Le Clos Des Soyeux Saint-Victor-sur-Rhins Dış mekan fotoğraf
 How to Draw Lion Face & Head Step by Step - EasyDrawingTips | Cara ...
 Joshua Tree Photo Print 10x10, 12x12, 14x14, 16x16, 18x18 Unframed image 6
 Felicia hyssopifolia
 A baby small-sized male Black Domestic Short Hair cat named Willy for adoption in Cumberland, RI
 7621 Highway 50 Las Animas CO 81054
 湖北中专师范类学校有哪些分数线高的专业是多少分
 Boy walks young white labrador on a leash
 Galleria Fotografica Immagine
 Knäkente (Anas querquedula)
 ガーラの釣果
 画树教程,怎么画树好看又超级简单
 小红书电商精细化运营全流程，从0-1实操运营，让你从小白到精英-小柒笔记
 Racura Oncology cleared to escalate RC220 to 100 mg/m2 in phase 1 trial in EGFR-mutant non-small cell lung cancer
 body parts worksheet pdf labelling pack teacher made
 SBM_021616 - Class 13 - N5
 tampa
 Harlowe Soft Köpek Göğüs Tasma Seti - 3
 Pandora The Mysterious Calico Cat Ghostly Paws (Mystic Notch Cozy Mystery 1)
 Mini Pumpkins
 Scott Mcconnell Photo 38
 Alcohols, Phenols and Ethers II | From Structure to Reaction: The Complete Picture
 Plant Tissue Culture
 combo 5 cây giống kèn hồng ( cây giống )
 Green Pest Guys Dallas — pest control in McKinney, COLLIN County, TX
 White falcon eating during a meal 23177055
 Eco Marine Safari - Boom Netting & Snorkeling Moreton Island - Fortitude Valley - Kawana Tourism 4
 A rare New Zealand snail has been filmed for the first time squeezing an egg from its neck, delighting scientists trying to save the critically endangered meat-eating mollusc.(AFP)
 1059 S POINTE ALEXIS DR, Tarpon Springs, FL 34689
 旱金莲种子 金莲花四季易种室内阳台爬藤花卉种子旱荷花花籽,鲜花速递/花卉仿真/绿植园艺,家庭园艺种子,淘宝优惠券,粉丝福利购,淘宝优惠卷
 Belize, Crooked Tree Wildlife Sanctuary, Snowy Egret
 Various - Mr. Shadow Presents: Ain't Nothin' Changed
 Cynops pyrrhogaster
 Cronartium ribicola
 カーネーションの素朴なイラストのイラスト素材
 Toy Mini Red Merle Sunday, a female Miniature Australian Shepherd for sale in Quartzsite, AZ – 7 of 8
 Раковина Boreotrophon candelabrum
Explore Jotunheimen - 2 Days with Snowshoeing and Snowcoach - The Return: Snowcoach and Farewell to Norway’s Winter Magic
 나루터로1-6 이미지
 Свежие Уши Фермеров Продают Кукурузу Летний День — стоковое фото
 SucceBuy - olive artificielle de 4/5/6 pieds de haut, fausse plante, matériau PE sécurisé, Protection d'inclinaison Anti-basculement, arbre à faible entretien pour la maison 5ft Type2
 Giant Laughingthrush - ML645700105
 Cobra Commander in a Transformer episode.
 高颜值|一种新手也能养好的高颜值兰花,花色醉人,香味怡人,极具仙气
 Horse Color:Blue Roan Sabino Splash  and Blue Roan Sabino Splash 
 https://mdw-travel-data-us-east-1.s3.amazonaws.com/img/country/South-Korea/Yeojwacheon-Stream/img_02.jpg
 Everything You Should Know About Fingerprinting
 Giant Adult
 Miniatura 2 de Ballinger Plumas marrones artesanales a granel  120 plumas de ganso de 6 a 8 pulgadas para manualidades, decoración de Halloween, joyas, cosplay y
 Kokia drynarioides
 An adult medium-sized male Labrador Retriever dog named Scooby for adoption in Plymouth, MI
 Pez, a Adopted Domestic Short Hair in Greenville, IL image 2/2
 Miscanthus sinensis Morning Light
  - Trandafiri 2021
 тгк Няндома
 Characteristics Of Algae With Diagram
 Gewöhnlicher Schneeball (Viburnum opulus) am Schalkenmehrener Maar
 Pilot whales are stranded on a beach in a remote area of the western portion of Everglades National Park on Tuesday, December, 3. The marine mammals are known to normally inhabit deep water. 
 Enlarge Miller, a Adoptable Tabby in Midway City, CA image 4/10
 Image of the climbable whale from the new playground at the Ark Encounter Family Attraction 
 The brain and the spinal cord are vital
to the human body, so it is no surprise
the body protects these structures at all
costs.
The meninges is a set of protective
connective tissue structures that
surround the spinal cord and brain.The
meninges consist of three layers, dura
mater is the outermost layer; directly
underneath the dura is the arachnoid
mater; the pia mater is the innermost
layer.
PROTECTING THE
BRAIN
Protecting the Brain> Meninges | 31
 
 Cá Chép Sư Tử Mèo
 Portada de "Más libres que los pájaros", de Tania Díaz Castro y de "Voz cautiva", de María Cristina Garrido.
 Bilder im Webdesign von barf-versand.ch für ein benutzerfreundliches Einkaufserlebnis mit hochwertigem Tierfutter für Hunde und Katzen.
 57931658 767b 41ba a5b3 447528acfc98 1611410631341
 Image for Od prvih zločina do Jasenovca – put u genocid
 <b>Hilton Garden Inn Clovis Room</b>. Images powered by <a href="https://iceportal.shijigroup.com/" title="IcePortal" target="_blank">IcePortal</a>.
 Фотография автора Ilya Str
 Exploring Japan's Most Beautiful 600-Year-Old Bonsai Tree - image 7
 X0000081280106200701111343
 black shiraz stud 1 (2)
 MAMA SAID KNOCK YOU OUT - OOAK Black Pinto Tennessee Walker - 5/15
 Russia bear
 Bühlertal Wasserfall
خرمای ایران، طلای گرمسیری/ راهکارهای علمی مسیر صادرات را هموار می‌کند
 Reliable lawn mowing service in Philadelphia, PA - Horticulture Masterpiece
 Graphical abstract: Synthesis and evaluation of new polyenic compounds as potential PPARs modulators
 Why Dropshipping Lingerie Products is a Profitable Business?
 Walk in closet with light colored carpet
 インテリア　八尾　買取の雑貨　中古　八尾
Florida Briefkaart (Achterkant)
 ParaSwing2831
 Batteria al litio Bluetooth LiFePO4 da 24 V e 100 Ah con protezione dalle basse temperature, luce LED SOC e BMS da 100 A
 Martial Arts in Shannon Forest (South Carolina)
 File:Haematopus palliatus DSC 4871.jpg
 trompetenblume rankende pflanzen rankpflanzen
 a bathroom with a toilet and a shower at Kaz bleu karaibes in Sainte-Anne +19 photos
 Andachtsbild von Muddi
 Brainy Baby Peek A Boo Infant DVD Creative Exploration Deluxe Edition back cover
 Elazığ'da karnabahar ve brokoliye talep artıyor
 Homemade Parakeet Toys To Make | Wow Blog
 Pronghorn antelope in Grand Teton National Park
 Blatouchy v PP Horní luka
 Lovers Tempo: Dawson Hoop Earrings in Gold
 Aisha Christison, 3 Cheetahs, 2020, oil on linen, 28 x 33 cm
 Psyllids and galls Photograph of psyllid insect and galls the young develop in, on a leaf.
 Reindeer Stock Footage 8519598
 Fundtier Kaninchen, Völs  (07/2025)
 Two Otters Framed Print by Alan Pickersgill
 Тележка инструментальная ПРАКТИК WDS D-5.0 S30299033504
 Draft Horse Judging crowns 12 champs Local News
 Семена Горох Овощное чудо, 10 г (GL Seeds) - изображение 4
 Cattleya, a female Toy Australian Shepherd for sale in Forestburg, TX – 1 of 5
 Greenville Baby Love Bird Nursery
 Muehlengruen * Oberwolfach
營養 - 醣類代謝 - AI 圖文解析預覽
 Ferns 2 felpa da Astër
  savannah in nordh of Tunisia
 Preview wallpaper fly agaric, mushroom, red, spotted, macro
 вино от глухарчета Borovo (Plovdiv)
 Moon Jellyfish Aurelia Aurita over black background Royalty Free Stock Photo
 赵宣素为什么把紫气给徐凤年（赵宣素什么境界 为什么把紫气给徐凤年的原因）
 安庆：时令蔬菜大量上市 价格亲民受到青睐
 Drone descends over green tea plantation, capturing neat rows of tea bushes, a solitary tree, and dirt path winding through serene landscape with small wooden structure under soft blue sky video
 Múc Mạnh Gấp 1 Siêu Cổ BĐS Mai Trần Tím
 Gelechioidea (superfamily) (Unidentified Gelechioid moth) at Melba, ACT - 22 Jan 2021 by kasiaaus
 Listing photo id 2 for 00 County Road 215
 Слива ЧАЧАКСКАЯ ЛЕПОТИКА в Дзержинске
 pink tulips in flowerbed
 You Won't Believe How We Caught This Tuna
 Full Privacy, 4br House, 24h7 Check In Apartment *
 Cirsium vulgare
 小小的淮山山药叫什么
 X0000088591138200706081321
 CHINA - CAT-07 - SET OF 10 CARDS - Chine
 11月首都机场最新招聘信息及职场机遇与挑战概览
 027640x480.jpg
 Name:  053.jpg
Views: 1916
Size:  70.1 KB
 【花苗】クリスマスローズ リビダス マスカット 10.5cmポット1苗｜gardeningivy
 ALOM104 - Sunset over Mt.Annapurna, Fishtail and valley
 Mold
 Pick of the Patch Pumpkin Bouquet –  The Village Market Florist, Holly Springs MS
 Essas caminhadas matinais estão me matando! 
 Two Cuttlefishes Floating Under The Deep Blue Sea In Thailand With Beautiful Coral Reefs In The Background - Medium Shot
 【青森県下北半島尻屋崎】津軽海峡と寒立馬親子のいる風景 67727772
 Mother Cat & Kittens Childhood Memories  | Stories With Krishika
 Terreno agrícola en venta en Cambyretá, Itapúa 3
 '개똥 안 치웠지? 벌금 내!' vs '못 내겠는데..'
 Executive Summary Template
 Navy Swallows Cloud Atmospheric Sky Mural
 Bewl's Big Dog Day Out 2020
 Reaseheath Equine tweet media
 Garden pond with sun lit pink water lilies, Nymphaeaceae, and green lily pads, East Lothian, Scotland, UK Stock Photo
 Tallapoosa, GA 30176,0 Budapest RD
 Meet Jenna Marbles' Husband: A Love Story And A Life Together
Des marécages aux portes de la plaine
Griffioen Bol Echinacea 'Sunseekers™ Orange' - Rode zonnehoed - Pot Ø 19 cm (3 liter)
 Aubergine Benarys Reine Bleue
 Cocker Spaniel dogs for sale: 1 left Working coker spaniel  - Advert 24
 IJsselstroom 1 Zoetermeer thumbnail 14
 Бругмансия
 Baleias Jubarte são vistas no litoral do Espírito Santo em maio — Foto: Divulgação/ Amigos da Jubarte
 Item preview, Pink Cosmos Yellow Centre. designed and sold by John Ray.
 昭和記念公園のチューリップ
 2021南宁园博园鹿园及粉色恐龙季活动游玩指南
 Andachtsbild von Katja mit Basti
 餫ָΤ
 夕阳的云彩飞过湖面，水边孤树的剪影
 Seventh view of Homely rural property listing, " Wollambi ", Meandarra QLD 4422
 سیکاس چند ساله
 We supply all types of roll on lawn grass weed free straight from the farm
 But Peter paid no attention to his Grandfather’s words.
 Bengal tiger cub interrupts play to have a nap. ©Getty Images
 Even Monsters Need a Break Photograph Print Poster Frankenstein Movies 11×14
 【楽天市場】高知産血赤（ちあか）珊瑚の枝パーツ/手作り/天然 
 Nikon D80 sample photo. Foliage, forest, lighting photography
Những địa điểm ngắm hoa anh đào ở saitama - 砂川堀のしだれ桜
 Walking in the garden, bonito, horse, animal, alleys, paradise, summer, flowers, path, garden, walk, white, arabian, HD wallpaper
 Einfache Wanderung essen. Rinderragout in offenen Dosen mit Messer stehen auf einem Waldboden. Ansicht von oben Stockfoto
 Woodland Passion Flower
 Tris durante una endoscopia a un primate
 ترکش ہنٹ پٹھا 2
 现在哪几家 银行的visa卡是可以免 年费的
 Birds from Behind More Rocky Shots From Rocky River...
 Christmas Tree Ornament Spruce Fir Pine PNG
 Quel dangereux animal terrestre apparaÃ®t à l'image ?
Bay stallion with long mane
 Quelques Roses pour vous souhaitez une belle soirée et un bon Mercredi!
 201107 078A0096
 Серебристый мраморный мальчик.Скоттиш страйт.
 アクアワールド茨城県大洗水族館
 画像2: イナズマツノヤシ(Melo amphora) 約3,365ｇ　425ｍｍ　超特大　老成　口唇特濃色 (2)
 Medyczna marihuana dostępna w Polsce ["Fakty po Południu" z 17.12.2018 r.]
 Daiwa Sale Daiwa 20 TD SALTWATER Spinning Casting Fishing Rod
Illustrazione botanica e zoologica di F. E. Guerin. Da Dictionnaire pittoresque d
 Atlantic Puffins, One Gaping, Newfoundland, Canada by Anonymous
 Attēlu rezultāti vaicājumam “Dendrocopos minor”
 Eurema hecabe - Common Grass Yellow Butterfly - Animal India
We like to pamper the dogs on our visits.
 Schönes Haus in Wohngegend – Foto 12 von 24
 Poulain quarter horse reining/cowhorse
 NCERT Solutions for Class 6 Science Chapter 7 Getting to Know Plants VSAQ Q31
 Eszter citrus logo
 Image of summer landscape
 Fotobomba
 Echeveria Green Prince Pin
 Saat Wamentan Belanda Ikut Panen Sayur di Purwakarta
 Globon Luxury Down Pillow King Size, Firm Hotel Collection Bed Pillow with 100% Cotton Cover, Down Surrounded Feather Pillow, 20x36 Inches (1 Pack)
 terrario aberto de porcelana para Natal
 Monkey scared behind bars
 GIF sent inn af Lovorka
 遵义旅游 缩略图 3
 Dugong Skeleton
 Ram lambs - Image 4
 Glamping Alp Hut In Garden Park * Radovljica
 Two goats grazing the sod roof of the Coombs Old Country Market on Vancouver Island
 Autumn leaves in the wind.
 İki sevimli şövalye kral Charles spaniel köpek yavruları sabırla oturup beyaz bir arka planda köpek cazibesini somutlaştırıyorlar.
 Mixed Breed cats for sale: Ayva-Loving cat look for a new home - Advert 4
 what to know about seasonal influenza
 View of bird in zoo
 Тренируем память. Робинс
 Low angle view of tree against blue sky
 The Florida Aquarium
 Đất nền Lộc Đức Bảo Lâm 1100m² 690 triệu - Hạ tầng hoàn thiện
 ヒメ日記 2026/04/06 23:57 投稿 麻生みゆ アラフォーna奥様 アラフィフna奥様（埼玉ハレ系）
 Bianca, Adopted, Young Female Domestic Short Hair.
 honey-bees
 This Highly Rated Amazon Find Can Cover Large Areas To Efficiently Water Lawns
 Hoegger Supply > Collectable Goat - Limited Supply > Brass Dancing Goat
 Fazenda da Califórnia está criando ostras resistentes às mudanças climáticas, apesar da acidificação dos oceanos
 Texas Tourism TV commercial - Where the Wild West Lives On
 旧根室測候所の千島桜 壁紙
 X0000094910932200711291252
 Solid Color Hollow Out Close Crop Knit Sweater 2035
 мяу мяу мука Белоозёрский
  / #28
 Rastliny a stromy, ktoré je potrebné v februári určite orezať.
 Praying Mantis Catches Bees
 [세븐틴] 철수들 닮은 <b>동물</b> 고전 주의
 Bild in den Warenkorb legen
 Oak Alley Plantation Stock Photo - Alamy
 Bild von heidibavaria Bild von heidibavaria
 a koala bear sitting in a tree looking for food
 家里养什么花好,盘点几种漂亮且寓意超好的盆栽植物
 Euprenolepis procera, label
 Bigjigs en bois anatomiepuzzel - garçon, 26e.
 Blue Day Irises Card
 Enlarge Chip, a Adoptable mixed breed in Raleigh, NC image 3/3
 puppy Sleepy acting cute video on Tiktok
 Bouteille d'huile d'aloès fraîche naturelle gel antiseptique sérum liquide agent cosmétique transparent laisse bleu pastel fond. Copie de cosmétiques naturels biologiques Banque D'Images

### [What is required]
Return every line from the material that contains the word "Enlarge".

### [Answer for this exercise]
 Enlarge Miller, a Adoptable Tabby in Midway City, CA image 4/10
 Enlarge Chip, a Adoptable mixed breed in Raleigh, NC image 3/3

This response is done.